Pac-Bayes: Nonlinear Function
Created: January 15, 2021
Modified: January 15, 2021

Pac-Bayes

This page is from my personal notes, and has not been specifically reviewed for public consumption. It might be incomplete, wrong, outdated, or stupid. Caveat lector.
  • I'm trying to build my understanding. These are fragments of intuitions.
  • Bayesian inference starts with a prior P and a likelihood. Given data D, these uniquely imply a posterior Q. PAC-Bayes generalizes this: for some 'prior' distribution P and 'posterior' Q, it asks for bounds on the generalization risk of the distribution Q.

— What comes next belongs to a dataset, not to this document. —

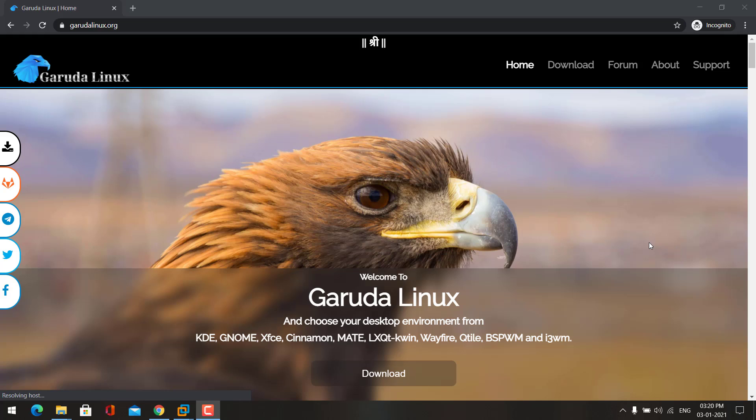Hello guys, welcome to my channel. In this video we are going to see how to install Garuda Linux. Garuda Linux is a Linux operating system which is based on Arch Linux. Garuda Linux is developed by Indian developers.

    • Note that risk is defined in terms of a loss function. PAC-Bayes bounds often assume bounded loss.
  • This also generalizes standard PAC learning, where we think about the risk of individual hypotheses. PAC-Bayes uses the 'Bayesian' risk, where we take the expectation over both data and our posterior on hypotheses.
  • A PAC-Bayes bound on generalization error provides a learning principle: we might try to find the posterior Q that minimizes the error bound.
  • Bounds are generally of the form out_of_sample_risk(Q) <= in_sample_risk(Q) + complexity_term(Q).
  • A natural question: when is the 'optimal' Q equal to the Bayesian posterior?
    • A natural guess is, if our loss is equal to logplikelihood(yh)-\log p_\text{likelihood}(y | h) for some likelihood model. It seems like this should be a central result??
  • One reason to understand PAC-Bayes is that I'd like to get a picture of how it relates to the idea of many models.